Tuesday, March 7, 2017

"And Miles to Go Before I Sleep"

For my Dad on this publication day in 1923.  Whenever I read it, I'm suddenly a little girl again looking over his shoulder at the words on the page and hearing his deep voice break a little as he quoted the last lines.   

Frost called it his "best bid for remembrance".  The morning he wrote it, he'd been up all night working on a separate poem entirely, something he'd never done before.  It wasn't until the dawn hours when he was outside watching a June sunrise that he was hit with such a massive idea that he ran back inside to compose "Stopping by the Woods on a Snowy Evening" without lifting his pen from the page.   

He claimed it had been like a hallucination.
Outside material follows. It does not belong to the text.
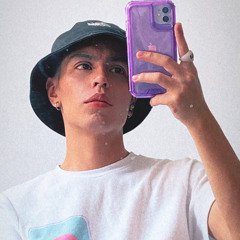 Dalí Saturno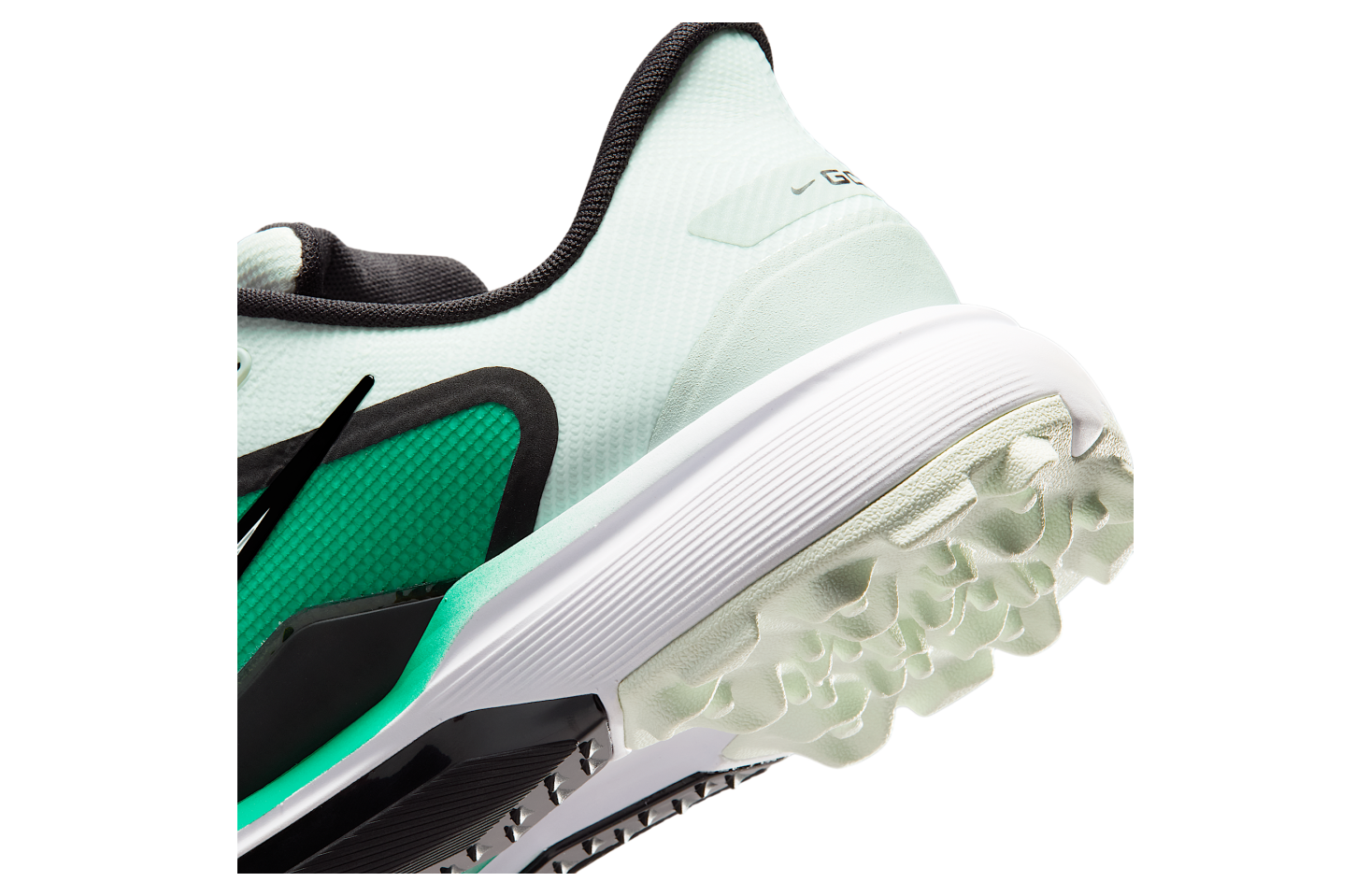Nike Pegasus 1 G Barely Green / Stadium Green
I think it was something else.

Whose woods these are I think I know.
His house is in the village though;
He will not see me stopping here   
To watch his woods fill up with snow.
My little horse must think it queer   
To stop without a farmhouse near
Between the woods and frozen lake
The darkest evening of the year.   
He gives his harness bells a shake
To ask if there is some mistake.
The only other sound’s the sweep
Of easy wind and downy flake.   
The woods are lovely, dark and deep,
But I have promises to keep,
And miles to go before I sleep,
And miles to go before I sleep.
Robert Frost, "Stopping by Woods on a Snowy Evening"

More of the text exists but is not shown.